**Supplied information**
==================================================

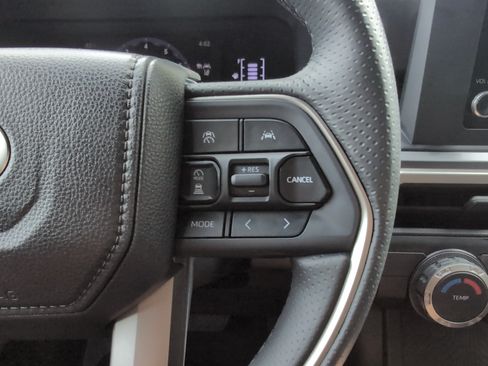 Certified 2025 Toyota 4Runner SR5 AWD/4WD image 20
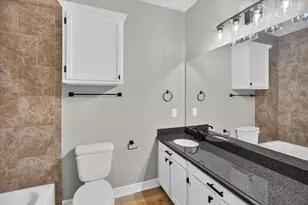 3323 Dennis St, Houston, TX 77004 - Photo 9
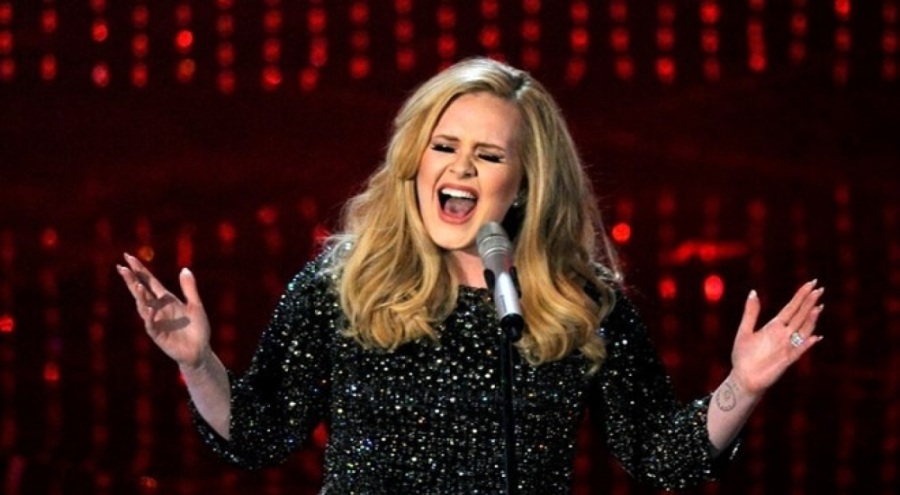 Şarkıcı Adele bir kez daha sesini kaybetme tehlikesi yaşıyor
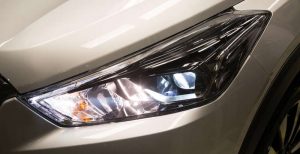 Assinatura do farol em LED do Nissan Kicks SV CVT 2020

==================================================

**What is needed**
Aside from its pictures, the listing must be given again in full, exactly as it appears.

**Answer below**
 Certified 2025 Toyota 4Runner SR5 AWD/4WD image 20
 3323 Dennis St, Houston, TX 77004 - Photo 9
 Şarkıcı Adele bir kez daha sesini kaybetme tehlikesi yaşıyor
 Assinatura do farol em LED do Nissan Kicks SV CVT 2020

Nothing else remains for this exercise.